- [MATERIAL FOR THIS EXERCISE]:
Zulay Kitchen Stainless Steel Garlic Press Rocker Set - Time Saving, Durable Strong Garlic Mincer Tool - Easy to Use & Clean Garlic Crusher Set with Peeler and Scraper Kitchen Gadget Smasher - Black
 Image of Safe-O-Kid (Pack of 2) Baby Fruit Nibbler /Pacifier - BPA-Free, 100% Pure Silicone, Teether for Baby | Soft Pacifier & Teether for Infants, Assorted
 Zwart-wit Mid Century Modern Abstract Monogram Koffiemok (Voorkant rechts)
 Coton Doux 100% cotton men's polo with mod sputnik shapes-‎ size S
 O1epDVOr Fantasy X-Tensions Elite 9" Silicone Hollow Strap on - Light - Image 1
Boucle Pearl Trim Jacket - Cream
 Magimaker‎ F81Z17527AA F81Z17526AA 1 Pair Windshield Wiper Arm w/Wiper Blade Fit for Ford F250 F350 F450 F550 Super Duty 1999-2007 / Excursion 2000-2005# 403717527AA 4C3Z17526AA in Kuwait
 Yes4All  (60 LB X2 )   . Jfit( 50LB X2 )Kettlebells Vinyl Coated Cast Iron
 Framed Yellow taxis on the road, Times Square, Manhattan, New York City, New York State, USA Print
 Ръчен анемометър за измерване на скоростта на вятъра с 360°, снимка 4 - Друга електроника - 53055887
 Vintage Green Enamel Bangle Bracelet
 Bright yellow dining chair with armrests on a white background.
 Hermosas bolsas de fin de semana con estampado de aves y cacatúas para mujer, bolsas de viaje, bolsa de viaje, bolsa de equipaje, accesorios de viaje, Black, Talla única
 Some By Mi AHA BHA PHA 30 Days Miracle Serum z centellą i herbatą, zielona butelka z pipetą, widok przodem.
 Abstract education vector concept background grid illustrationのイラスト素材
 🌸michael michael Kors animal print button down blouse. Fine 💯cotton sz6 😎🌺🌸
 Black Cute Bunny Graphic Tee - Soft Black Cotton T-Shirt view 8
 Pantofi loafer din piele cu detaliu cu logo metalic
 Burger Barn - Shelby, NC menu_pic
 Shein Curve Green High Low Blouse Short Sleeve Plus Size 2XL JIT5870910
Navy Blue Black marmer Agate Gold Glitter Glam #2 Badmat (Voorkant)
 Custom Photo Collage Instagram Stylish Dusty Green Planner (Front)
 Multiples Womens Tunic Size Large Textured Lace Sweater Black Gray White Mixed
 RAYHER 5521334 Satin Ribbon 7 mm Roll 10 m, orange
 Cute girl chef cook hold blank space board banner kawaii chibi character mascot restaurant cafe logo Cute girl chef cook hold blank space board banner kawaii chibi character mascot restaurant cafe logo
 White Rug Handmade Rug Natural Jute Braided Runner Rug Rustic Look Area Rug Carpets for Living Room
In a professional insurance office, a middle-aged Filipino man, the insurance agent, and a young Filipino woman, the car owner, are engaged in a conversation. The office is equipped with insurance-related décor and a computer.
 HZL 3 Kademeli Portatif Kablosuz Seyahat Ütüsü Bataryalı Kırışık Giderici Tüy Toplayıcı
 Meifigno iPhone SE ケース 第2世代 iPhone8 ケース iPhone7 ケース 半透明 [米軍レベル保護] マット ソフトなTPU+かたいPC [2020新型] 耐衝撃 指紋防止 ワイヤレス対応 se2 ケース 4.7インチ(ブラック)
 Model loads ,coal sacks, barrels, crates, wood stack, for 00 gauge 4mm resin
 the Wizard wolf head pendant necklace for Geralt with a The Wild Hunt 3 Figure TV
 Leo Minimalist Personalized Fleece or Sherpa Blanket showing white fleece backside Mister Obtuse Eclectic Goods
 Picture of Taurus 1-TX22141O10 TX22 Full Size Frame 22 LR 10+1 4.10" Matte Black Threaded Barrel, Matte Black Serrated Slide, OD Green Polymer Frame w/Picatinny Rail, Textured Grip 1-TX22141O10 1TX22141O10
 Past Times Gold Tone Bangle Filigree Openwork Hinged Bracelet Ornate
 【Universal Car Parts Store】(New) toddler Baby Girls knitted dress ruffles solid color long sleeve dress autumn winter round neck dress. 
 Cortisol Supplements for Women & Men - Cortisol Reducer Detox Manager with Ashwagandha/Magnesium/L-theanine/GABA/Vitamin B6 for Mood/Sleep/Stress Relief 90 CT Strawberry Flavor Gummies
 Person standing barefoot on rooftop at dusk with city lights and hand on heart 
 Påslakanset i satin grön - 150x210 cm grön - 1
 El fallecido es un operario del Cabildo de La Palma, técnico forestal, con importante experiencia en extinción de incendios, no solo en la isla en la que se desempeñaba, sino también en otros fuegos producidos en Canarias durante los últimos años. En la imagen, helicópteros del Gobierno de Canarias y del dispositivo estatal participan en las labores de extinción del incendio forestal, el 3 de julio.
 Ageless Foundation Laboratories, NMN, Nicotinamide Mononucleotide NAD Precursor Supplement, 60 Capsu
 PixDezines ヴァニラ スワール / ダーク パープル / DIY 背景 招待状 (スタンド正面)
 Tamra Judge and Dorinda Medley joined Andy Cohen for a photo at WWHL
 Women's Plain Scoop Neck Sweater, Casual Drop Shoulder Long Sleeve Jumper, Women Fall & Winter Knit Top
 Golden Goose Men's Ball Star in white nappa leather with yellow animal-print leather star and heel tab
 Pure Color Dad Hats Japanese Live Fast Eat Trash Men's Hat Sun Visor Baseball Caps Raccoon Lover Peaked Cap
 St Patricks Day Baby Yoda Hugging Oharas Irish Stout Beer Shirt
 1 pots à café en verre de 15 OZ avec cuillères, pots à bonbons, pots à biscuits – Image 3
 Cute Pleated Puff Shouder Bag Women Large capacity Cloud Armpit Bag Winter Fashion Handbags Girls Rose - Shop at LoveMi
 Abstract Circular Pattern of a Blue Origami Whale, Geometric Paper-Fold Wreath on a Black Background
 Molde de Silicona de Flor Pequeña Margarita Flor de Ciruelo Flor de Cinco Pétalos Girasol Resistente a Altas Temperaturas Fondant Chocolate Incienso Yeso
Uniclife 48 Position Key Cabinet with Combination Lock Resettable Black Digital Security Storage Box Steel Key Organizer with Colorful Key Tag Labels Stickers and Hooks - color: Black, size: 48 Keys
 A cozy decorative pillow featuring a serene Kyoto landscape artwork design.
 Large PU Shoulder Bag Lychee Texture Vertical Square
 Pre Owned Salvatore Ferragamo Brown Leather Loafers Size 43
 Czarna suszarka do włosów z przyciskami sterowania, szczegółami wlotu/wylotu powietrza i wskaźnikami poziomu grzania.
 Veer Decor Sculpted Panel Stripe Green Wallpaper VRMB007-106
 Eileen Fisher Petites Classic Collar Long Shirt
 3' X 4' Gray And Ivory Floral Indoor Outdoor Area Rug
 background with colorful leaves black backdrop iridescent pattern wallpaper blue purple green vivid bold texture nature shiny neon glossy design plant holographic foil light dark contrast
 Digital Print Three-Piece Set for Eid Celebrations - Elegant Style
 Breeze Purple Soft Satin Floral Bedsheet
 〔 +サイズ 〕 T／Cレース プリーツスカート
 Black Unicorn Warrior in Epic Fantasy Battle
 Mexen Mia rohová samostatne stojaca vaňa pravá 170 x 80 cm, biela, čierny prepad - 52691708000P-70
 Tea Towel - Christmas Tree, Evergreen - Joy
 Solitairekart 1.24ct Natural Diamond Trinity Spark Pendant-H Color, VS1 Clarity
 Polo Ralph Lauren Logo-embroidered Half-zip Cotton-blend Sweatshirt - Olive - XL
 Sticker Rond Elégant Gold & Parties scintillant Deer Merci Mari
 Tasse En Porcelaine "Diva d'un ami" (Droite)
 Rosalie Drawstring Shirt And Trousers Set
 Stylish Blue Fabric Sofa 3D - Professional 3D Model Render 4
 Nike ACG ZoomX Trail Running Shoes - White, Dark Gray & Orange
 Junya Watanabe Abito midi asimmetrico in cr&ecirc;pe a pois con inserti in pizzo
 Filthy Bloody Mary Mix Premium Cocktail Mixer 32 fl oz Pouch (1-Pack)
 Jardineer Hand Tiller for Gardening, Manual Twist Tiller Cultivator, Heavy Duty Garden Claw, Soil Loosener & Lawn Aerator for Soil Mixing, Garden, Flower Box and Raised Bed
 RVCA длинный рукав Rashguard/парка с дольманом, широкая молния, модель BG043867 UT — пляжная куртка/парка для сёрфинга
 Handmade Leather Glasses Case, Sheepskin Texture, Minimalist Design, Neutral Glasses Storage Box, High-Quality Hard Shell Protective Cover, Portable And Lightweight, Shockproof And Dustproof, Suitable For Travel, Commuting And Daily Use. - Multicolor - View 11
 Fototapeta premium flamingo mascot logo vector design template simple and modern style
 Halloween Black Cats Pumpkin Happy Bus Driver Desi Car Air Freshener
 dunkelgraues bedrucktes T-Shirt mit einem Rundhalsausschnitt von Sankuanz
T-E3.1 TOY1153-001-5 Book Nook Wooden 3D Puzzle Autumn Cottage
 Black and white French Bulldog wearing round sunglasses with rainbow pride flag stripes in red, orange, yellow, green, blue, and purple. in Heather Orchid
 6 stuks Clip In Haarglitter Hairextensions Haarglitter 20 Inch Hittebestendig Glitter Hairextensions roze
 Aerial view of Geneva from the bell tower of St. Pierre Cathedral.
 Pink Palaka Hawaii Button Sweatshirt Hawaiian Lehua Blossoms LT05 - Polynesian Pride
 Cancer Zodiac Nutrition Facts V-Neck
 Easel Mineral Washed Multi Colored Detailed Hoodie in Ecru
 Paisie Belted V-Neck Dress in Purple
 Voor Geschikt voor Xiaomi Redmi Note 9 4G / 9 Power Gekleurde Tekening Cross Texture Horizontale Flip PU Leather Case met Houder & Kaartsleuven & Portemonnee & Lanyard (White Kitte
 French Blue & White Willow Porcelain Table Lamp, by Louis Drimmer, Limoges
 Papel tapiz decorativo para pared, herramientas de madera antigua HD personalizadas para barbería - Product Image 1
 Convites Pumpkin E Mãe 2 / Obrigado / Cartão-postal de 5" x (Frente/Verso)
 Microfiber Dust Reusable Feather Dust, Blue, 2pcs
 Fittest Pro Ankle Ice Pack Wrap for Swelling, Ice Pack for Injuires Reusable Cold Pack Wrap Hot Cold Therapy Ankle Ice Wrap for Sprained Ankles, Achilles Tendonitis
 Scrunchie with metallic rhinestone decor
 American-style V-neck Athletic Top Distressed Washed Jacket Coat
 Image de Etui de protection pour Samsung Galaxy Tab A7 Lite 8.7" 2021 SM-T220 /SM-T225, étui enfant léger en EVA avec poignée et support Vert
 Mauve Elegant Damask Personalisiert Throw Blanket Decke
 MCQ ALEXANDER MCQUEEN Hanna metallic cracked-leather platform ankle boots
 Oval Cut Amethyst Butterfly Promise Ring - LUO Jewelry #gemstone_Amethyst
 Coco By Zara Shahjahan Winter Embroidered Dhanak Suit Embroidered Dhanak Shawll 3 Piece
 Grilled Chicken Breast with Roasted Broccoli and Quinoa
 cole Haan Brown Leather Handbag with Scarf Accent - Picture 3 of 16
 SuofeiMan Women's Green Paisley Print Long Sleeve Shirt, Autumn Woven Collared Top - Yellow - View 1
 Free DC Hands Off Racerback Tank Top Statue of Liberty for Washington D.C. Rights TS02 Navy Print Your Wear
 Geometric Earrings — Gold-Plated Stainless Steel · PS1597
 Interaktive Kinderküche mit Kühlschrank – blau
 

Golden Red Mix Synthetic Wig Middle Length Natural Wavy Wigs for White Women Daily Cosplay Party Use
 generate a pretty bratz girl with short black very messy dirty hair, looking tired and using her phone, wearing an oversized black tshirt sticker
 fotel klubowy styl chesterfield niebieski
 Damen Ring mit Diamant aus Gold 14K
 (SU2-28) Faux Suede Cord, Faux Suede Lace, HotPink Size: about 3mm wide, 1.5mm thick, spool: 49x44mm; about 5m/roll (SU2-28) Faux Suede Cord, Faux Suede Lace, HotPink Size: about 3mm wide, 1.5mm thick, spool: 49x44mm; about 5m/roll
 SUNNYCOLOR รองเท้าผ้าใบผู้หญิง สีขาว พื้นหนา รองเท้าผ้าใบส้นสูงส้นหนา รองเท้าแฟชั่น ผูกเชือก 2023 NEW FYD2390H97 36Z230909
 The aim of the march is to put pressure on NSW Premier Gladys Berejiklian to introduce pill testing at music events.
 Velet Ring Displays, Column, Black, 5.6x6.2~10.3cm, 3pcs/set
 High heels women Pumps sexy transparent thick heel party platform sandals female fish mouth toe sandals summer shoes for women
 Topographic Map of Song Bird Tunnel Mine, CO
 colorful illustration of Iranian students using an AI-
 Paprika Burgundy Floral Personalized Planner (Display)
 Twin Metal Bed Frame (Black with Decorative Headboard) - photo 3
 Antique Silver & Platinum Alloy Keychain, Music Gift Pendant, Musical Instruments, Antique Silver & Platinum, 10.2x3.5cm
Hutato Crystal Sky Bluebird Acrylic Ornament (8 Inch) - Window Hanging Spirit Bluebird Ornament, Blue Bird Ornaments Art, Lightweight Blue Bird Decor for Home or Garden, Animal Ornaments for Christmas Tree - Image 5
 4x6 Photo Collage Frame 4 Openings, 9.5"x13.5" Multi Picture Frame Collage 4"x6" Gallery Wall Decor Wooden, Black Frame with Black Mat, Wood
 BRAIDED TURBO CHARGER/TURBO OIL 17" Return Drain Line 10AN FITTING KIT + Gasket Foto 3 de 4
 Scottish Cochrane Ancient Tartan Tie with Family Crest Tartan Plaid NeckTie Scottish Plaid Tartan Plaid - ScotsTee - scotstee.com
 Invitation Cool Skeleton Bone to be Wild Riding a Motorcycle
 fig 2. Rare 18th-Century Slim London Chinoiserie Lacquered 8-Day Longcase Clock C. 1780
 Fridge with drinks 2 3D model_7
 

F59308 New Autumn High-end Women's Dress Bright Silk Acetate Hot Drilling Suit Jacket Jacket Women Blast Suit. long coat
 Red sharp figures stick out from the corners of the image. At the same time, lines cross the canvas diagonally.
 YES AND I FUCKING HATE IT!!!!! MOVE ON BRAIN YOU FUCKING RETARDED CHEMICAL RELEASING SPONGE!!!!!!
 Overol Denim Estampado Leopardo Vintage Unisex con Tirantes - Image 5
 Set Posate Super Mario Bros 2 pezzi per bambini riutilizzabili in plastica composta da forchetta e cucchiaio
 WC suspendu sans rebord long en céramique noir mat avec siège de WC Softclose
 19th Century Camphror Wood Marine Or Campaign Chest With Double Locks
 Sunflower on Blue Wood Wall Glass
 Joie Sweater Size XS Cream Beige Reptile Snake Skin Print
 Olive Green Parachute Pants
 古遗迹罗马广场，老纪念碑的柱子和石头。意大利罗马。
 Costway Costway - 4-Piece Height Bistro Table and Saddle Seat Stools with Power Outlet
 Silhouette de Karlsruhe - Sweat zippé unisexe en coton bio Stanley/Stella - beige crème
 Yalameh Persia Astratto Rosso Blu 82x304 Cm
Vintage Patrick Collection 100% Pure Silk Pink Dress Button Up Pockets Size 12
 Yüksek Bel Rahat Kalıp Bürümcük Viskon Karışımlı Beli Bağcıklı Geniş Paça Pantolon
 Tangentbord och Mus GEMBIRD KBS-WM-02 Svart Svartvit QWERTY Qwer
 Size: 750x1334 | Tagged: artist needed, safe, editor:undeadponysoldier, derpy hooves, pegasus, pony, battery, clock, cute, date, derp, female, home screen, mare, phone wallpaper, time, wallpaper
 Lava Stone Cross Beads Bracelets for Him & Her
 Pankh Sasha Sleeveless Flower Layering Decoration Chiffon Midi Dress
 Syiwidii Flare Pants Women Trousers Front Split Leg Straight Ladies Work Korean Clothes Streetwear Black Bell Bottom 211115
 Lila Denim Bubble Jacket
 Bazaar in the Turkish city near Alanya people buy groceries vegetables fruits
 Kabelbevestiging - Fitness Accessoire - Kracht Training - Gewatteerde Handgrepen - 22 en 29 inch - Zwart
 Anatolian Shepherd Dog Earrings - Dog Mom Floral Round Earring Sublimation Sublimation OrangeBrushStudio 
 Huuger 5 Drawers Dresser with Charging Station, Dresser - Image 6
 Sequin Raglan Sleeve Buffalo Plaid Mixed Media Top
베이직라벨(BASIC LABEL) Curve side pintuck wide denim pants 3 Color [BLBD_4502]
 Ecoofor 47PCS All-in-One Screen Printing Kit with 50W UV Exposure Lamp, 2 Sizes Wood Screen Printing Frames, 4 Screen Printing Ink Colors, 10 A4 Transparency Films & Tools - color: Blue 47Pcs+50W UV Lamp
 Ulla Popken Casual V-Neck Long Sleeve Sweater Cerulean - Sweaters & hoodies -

- [DESCRIPTION OF THE TASK]:
Above are records; repeat only the lines starting at the line with "Interaktive Kinderküche mit" and ending at the line with "Damen Ring mit Diamant aus Gold 14K", exactly as they appear, both included.

- [OUTPUT OF THE EXERCISE]:
 Interaktive Kinderküche mit Kühlschrank – blau
 

Golden Red Mix Synthetic Wig Middle Length Natural Wavy Wigs for White Women Daily Cosplay Party Use
 generate a pretty bratz girl with short black very messy dirty hair, looking tired and using her phone, wearing an oversized black tshirt sticker
 fotel klubowy styl chesterfield niebieski
 Damen Ring mit Diamant aus Gold 14K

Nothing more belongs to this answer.